简单来说,就是我们在写代码的过程中,要时刻想着是不是写出的代码比较容易的写相应的测试代码,写测试代码也得想着以后有改动的话,是不是很容易?
Testable App Code
Structure of a Unit Test:准备输入->跑代码->验证输出
Characteristics of Testable Code:可控输入+可见输出+显性状态
Testability Techniques
Protocols and parameterization
使用一个具体的“调用第三方APP打开一个文件”例子openTapped
:
@IBAction func openTapped(_ sender: Any) {
let mode: String
switch segmentedControl.selectedSegmentIndex {
case 0: mode = "view"
case 1: mode = "edit"
default: fatalError("Impossible case")
}
let url = URL(string: "myappscheme://open?id=\(document.identifier)&mode=\(mode)")!
if UIApplication.shared.canOpenURL(url) {
UIApplication.shared.open(url, options: [:], completionHandler: nil)
} else {
handleURLError()
}
}
这种类型看起来应该使用UITesting
,但是它实际上并不是太与UI相关,而是应该使用Unit Test
,这里就来介绍如何实现可测性:
protocol URLOpening {
func canOpenURL(_ url: URL) -> Bool
func open(_ url: URL, options: [String: Any], completionHandler: ((Bool) -> Void)?)
}
extension UIApplication: URLOpening {
// Nothing needed here!
}
class MockURLOpener: URLOpening {
var canOpen = false
var openedURL: URL?
func canOpenURL(_ url: URL) -> Bool {
return canOpen
}
func open(_ url: URL,
options: [String: Any],
completionHandler: ((Bool) -> Void)?) {
openedURL = url
}
}
这里的思想主要是使用Mock
的代码来避免了实际调用需要跳转以及依赖于具体环境的问题,实现对当前方法功能的测试覆盖
func testDocumentOpenerWhenItCanOpen() {
let urlOpener = MockURLOpener()
urlOpener.canOpen = true
let documentOpener = DocumentOpener(urlOpener: urlOpener)

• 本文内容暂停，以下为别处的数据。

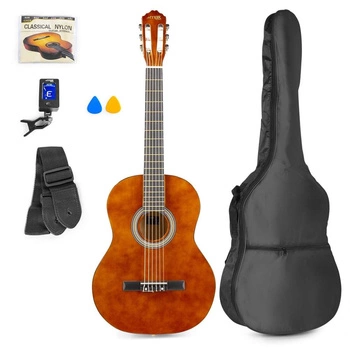 MAX SoloArt Klasyczna gitara (39")+ zestaw akcesoriów - Brązowa (Drewno)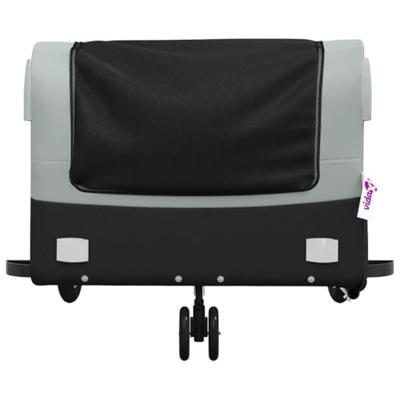 VidaXL Fietstrailer 45 kg ijzer zwart en grijs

documentOpener.open(Document(identifier: "TheID"), mode: .edit)
XCTAssertEqual(urlOpener.openedURL, URL(string: "myappscheme://open?id=TheID&mode=edit"))
}
最后又总结了一下
Reduce references to shared instances
Accept parameterized input
Introduce a protocol
Create a testing implementation
Separating logic and effects
这里使用一个“缓存清理”的例子,来介绍在无状态输出的情况下如何重构代码来实现可测性:
func cleanCache(maxSize: Int) throws {
let sortedItems = self.currentItems.sorted { $0.age < $1.age }
var cumulativeSize = 0
for item in sortedItems {
cumulativeSize += item.size
if cumulativeSize > maxSize {
try FileManager.default.removeItem(atPath: item.path)
}
}
}
这个方法没有返回值,也就是不能通过方法本身来知道它到底做了什么,是否成功。这里采用的方法是重构代码,将就有可测性的代码提取出来为一个新的方法:
protocol CleanupPolicy {
func itemsToRemove(from items: Set) -> Set
}
class OnDiskCache {
func cleanCache(maxSize: Int) throws { /* … */ }
}
struct MaxSizeCleanupPolicy: CleanupPolicy {
let maxSize: Int
func itemsToRemove(from items: Set) -> Set {
var itemsToRemove = Set()
var cumulativeSize = 0
let sortedItems = allItems.sorted { $0.age < $1.age }
for item in sortedItems {
cumulativeSize += item.size
if cumulativeSize > maxSize {
itemsToRemove.insert(item)
}
}
return itemsToRemove
}
}
class OnDiskCache {
/* … */
func cleanCache(policy: CleanupPolicy) throws {
let itemsToRemove = policy.itemsToRemove(from: self.currentItems)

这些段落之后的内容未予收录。